English 015 - Americans Abroad
Prisons

Prisons

Category: 1E: Twain, James, Wharton | Meaghan Tanguay

English 015
Americans Abroad
1st paper, Final Draft

Prisons
By: Meaghan Tanguay

The discovery of new sexual licenses by the women characters, Daisy Miller and Mrs. Ansley, while they are traveling abroad, is a fraud. They both enjoy many sexual adventures with European men which are new and exciting for them. However, these sexual adventures end up imprisoning the girls, to different degrees, rather than setting them sexually free. Revisiting Daisy Miller’s adventures and their impact shows a clear similarity and slight difference to the impact of Mrs.
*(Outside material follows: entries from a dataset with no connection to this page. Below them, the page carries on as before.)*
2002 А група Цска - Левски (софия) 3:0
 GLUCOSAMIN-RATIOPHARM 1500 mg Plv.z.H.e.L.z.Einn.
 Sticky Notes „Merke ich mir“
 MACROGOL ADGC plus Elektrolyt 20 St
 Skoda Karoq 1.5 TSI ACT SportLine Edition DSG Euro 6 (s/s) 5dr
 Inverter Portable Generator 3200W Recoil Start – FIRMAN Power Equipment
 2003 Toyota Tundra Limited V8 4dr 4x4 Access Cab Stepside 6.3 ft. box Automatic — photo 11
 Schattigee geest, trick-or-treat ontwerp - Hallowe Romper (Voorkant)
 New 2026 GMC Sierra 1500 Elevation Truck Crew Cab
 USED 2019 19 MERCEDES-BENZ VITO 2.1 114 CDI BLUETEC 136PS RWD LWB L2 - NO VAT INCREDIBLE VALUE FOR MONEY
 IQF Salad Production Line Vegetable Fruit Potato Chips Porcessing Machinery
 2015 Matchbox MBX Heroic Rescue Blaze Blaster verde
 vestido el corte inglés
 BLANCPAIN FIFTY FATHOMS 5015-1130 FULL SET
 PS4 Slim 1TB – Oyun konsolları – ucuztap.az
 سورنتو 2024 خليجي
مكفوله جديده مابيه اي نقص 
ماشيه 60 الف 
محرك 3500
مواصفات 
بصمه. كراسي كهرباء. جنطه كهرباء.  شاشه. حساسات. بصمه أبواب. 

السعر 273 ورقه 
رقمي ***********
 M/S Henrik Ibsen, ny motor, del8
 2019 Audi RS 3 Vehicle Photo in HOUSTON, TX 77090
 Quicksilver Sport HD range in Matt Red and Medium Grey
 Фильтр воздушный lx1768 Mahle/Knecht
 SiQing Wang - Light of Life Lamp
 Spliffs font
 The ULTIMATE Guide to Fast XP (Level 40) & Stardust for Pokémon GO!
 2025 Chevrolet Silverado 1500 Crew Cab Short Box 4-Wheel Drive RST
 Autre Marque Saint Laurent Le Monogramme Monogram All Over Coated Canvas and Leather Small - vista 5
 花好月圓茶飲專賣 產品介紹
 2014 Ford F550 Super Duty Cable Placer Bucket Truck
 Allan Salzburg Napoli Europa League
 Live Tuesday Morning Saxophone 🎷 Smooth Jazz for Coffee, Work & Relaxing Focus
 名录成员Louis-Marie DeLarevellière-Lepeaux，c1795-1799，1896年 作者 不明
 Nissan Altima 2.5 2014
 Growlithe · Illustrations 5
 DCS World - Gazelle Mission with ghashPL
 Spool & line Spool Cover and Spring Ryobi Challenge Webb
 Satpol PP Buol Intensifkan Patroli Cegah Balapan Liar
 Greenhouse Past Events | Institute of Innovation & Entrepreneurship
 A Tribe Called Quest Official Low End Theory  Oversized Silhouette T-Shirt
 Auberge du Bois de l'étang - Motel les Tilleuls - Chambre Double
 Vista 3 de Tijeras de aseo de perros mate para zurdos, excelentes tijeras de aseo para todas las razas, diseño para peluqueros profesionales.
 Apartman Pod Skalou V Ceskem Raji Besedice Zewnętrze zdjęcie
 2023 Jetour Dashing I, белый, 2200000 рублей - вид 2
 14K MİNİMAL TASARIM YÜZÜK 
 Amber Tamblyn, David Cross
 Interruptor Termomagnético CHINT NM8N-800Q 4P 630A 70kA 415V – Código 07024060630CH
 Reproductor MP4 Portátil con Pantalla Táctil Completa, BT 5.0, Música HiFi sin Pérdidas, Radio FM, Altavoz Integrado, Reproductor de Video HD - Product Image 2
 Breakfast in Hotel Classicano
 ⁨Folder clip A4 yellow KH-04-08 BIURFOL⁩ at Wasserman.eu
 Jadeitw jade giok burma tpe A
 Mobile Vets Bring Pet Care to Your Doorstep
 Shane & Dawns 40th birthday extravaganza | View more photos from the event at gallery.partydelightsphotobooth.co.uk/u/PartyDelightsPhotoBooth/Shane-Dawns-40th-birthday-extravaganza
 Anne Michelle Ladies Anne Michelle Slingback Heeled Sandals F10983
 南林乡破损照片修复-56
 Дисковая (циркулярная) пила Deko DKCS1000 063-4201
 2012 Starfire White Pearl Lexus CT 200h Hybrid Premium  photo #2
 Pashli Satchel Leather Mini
Ansley’s covert rendezvous. Their trysts and affairs are illusions of happiness and sexual freedom. The reality under the illusions is tragic: Daisy dies and Mrs. Ansley ruins her life and the life of her good friend Mrs. Slade.
The pretty, innocent American, Daisy Miller, firsts meets Winterbourne, an older European gentleman, in Switzerland. He judges her as a young, inexperienced, and ignorant American girl. Right away, Winterbourne finds it acceptable to approach her. He is used to the custom that “in Geneva, as he had been perfectly aware, a young man wasn’t at liberty to speak to a young unmarried lady save under certain rarely-occurring conditions.” (p.8) The rarely-occurring condition, for Winterbourne, is that Daisy Miller is an American girl. Winterbourne is excited to find out from the beginning that her sexual freedom is expansive. She is allowed to visit the Castle of Chillon or possible go out on a boat at night alone with him, and he is “instantly struck with the romantic side of this chance to guide through the summer starlight a skiff freighted with a fresh and beautiful young girl.” (p.31) Winterbourne will later find out just how far Daisy is allowed to take her sexual escapades in Rome.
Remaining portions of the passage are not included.